*** Block opens ***

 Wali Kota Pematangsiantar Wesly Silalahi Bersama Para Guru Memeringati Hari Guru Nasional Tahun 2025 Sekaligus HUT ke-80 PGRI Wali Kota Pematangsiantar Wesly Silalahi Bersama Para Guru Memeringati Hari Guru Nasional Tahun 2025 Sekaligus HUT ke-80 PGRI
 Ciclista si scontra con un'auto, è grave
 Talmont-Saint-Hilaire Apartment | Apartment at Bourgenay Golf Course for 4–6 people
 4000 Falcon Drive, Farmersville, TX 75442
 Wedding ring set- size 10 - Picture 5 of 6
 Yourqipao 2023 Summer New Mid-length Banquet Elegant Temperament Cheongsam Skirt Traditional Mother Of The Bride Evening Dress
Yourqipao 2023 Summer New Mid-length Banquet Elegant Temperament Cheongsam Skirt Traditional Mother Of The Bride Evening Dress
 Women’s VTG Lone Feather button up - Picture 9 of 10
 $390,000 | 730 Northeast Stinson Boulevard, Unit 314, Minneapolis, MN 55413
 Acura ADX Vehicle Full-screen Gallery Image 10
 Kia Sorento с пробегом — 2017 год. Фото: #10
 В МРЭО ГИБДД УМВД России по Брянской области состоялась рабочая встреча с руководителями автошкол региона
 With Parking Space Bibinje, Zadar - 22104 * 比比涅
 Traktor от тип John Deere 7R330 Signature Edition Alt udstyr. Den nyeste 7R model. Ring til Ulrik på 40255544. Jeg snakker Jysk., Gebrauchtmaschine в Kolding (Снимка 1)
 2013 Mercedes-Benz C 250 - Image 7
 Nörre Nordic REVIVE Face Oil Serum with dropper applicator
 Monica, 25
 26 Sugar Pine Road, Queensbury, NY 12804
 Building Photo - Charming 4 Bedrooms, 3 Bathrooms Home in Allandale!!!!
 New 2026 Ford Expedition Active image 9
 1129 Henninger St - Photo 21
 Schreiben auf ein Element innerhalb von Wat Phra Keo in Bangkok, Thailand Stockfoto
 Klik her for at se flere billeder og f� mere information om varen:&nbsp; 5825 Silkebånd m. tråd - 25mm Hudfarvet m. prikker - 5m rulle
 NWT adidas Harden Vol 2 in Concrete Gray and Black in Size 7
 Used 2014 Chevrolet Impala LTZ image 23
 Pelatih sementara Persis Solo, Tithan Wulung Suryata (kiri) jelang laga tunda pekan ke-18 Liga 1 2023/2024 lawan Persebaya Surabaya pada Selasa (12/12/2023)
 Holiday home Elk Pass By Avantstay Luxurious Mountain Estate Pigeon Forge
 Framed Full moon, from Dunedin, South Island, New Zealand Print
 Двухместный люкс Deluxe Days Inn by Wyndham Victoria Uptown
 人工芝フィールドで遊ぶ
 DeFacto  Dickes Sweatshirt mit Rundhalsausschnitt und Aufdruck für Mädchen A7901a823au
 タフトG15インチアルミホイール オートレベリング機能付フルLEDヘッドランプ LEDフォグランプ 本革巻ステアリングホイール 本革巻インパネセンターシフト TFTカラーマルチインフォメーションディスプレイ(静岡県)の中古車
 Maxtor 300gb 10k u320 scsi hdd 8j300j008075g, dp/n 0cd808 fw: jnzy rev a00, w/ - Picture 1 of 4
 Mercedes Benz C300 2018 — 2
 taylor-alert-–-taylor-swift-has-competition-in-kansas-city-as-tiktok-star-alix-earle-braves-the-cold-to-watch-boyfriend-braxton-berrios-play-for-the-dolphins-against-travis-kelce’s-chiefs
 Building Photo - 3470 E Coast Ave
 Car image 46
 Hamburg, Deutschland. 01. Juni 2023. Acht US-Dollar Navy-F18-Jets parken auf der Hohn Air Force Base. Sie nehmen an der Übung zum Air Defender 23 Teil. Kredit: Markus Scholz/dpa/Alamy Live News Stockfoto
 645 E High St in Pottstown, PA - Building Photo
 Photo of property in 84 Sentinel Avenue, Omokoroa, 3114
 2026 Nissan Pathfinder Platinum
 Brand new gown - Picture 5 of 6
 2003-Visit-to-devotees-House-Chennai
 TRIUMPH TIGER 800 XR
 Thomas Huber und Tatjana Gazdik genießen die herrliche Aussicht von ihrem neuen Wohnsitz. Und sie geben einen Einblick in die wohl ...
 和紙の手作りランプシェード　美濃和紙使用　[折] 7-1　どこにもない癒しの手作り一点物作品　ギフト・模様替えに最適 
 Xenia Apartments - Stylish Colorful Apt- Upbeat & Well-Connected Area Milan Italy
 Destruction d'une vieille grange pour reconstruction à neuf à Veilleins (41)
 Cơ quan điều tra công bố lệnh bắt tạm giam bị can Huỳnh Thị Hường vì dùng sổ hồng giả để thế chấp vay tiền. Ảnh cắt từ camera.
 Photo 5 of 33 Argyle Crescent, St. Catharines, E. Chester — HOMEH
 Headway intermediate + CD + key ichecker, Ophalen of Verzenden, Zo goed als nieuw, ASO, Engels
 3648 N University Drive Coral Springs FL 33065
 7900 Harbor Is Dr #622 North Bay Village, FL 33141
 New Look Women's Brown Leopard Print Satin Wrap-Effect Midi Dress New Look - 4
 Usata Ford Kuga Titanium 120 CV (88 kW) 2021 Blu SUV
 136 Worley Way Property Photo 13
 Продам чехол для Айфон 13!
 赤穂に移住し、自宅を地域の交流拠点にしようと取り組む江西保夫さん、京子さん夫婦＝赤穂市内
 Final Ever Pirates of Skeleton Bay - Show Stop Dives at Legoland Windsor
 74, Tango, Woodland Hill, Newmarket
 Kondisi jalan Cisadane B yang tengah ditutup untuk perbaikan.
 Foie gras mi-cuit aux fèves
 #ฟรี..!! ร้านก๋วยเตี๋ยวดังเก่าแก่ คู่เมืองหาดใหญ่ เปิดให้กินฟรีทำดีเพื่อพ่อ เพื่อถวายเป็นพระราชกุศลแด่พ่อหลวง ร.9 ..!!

*** Block closes ***

What you are asked to do:
In the listing above, locate the line with "和紙の手作りランプシェード　美濃和紙使用" and the line with "Headway intermediate +", then extract exactly those lines and every line between them, and nothing more.

Answer to this exercise:
 和紙の手作りランプシェード　美濃和紙使用　[折] 7-1　どこにもない癒しの手作り一点物作品　ギフト・模様替えに最適 
 Xenia Apartments - Stylish Colorful Apt- Upbeat & Well-Connected Area Milan Italy
 Destruction d'une vieille grange pour reconstruction à neuf à Veilleins (41)
 Cơ quan điều tra công bố lệnh bắt tạm giam bị can Huỳnh Thị Hường vì dùng sổ hồng giả để thế chấp vay tiền. Ảnh cắt từ camera.
 Photo 5 of 33 Argyle Crescent, St. Catharines, E. Chester — HOMEH
 Headway intermediate + CD + key ichecker, Ophalen of Verzenden, Zo goed als nieuw, ASO, Engels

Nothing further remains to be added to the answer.